BridgeMe
Posts
DeepSeek’s AI: Gemini Training Speculation

DeepSeek’s AI: Gemini Training Speculation

June 04, 2025

Chinese AI lab DeepSeek recently released an updated reasoning model, R1-0528, showing strong results on math and coding tests. However, the company hasn’t revealed its training data sources, sparking speculation that it may have used outputs from Google’s Gemini AI.

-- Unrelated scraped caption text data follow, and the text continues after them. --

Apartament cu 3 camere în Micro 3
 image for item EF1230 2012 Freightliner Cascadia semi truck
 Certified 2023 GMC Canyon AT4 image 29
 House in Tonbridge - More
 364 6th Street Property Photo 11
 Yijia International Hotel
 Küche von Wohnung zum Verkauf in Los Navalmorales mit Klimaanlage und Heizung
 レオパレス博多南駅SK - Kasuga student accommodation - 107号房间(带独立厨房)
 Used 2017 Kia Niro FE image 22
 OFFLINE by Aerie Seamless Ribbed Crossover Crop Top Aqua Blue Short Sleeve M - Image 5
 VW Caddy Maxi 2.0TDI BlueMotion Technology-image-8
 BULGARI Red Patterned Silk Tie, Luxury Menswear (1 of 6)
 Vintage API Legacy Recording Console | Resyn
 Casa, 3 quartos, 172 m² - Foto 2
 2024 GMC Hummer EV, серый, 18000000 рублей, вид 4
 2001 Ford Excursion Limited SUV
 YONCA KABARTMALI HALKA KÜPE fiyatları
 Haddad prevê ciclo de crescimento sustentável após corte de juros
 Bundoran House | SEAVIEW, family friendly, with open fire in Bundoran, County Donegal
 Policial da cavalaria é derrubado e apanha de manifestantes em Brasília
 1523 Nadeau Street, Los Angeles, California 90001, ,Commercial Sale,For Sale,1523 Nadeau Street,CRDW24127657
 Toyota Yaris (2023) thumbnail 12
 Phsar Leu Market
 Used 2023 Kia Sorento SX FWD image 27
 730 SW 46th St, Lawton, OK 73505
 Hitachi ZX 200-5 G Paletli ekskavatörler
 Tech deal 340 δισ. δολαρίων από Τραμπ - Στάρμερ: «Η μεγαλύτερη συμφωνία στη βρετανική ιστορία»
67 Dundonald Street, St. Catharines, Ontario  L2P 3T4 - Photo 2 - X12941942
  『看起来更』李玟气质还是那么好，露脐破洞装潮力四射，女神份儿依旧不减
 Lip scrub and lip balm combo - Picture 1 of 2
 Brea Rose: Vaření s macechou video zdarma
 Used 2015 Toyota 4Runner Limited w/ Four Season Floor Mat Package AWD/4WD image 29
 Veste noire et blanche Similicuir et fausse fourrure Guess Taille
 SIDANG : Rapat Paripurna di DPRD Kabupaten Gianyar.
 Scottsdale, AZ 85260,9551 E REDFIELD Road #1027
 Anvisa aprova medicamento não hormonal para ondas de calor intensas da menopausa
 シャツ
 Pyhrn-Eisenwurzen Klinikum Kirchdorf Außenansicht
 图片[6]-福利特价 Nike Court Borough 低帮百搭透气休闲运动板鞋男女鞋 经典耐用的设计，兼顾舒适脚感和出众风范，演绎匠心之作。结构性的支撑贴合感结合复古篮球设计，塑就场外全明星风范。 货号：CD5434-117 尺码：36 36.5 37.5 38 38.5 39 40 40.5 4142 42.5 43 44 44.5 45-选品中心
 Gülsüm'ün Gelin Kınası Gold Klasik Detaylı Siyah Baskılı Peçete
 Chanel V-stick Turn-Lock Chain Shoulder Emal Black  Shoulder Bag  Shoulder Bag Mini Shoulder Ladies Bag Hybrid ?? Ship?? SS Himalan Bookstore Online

Similarities to Google’s Gemini. Developer Sam Paech observed that R1-0528’s language closely matches Google’s Gemini 2.5 Pro. Another researcher noted that the model’s internal “traces”—the reasoning steps it generates—also resemble those of Gemini. While this isn’t definitive, it raises questions about the data used.

Past Concerns Over Data Use. Earlier versions of DeepSeek’s models sometimes identified as ChatGPT, suggesting potential training on OpenAI data. OpenAI has reported evidence linking DeepSeek to data extraction techniques called distillation, which are common but restricted by OpenAI’s terms of service.

Industry Response and Security. AI experts say overlapping language is common due to AI-generated content online, but some suspect DeepSeek may have created synthetic data from top models like Gemini to overcome limited compute power. In response, companies such as OpenAI and Google have introduced ID verification and trace summarization to protect their models from unauthorized use.